Flat band ferromagnetism in Pb2 Sb2O7 via a self-doped mechanism

Electron systems with strong geometrical frustrations have flat bands, and their unusual band dispersions are expected to induce a wide variety of physical properties. However, for the emergence of such properties, the Fermi level must be pinned within the flat band. In this study, we performed first-principles calculations on pyrochlore oxide Pb2Sb2O7 and theoretically clarified that the self-doping mechanism induces pinning of the Fermi level in the flat band in this system. Therefore, a very high density of states is realized at the Fermi level, and the ferromagnetic state transforms into the ground state via a flat band mechanism, although the system does not contain any magnetic elements.
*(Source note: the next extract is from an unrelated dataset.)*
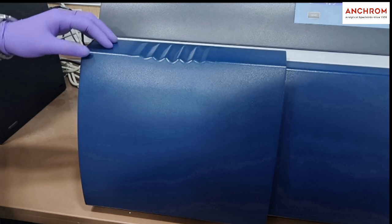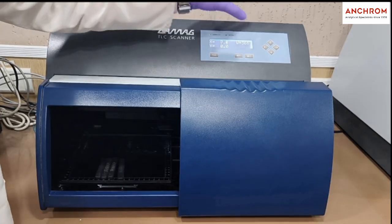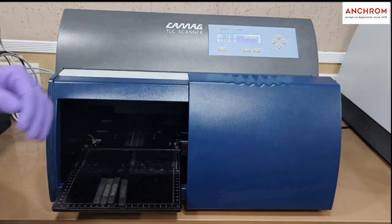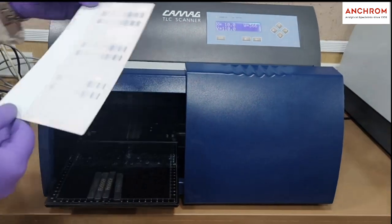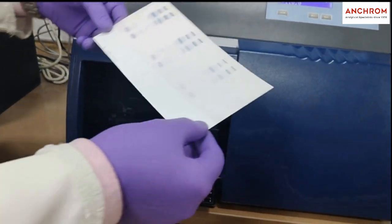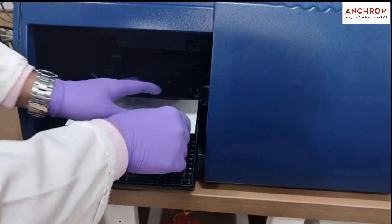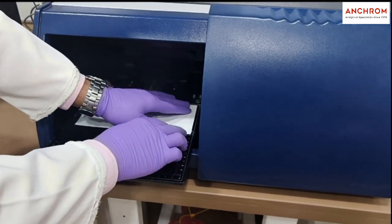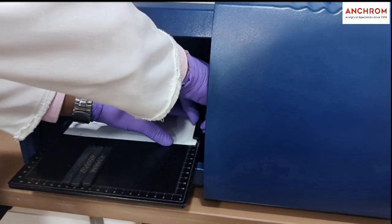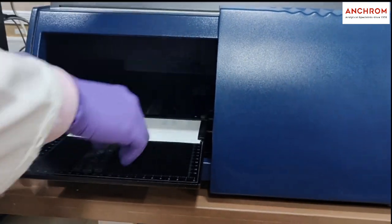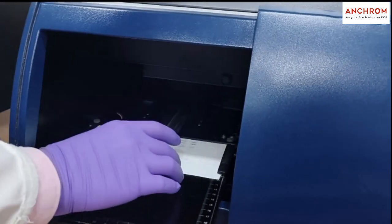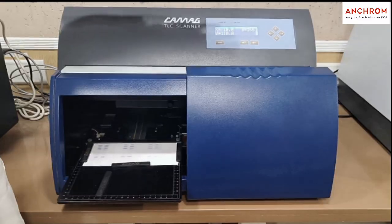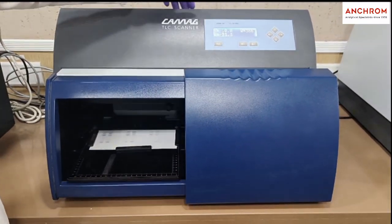To operate TLC Scanner 4, open the door and press the load button situated on the top right side. The stage will automatically come out. Keep the TLC or HPTLC plate on the stage and fix it at the bottom left corner inside the Scanner 4. Press the load button.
This compound has the potential to serve as a new platform for projecting the properties of flat band systems in the real world.

Automated summary

In this study, first-principles calculations were performed on the pyrochlore oxide Pb2Sb2O7, and it was theoretically clarified that the self-doping mechanism induces the pinning of the Fermi level within the flat band, resulting in a very high density of states and a transformation of the ferromagnetic state into the ground state via a flat band mechanism, despite the absence of magnetic elements in the system. This compound has the potential to serve as a new platform for projecting the properties of flat band systems in the real world.